Knowing how important this Jaguar 2.4 test was to the journal, I was absolutely horrified; I had driven it only ten yards and damaged it already! Dreading what I would find, I climbed out and went to the back where I realised that the whiteness I had seen across the back window was, in fact, the boot lid, open and pointing to the sky. I then saw the cause: I had not noticed a low flat-bed porter’s luggage trolley (those were the days!), and it had struck the push button release for the boot. To my intense relief I found not the slightest mark on the back of the car, and most of the ominous noise had been made by the spring-loaded boot lid flying fully open. I made a mental rule in future always to ‘weigh up’ a car park before getting in and reversing out.

It was a sobering start and made me supercareful from then on, but did not spoil my enjoyment of the extraordinary refinement which the new ‘small’ Jaguar provided.

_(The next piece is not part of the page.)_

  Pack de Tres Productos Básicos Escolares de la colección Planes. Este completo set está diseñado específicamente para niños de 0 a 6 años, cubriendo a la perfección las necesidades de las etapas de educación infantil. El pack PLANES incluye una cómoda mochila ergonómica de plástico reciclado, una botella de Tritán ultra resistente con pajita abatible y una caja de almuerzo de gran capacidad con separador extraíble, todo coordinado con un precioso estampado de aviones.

Its engine was so smooth and so fantastically quiet when cruising in overdrive that it was quite a revelation of motoring enjoyment. In those days even 60mph was quite a high speed and saw one flashing past other traffic, yet here was a car that would do more than that in third gear, with top and then overdrive to come.

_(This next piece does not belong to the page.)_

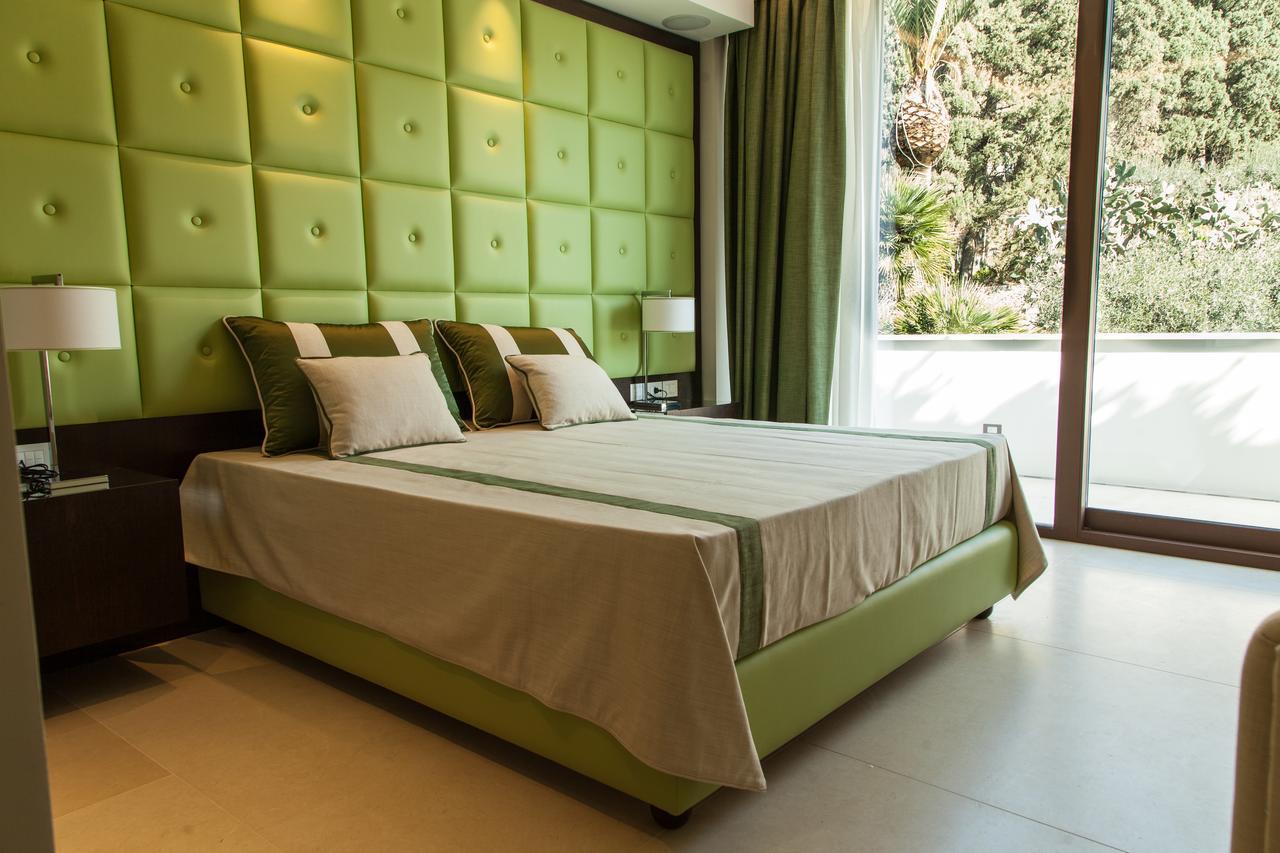 Ngonia Bay Boutique Hotel Milazzo Bagian luar foto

This extra cog was selected by a strange sideways-moving switch on the facia; the column-mounted overdrive control came later.

Big let-down of the Jaguar was as we now know its crude Moss gearbox, which had no synchro on first gear, and tended to crunch when hurried into any of the three other gears which did have synchromesh.

The over-riding impression of this elegant saloon was that it seemed so low on the ground in comparison with the sit-up-and-beg seating more normal in those days, and I can’t say I was ever concerned about the handling which was much criticised because of the narrow track of the rear wheels. I also thought that the spats covering the rear wheels added to the smoothness of the car’s shape, though I might have thought differently if I had needed to change a back wheel after sufficient mileage to get the wheel spats covered in mud.

WHAT’S BEST, MK1 OR MK2?

There were, of course, many advances between what we later called the Mk1 and the Mk2, one of the important differences being better location of the instruments. In the original (see pic on right) the rev counter and speedometer were mounted centrally on the walnut panel like the XK140. They became a model of clarity when moved to the more logical position behind the steering wheel, and the four-spoke steering wheel of the original design was replaced with a more modern two-spoke wheel. Revised seats gave better location, and the windows were enlarged, especially the rear one.

Not everything changed for the better, though, and with the arrival of radial ply tyres one became more aware of road noise which detracted from the remarkable quietness of the early 2.4. But obviously they were worth it for the terrific gain in stability and handling to go hand-in-hand with the enormous improvement of disc brakes instead of those original drum brakes, which one has to say were just about adequate for the 2.4.

A few years later came the long-stroke 3442 cc engine in the 2.4 body which I remember as being absolutely fabulous, but until then that original 2.4 was one of the cars that made the greatest impression on me in those early years on the staff of the magazine. Will the XE be so fondly remembered 60 years on?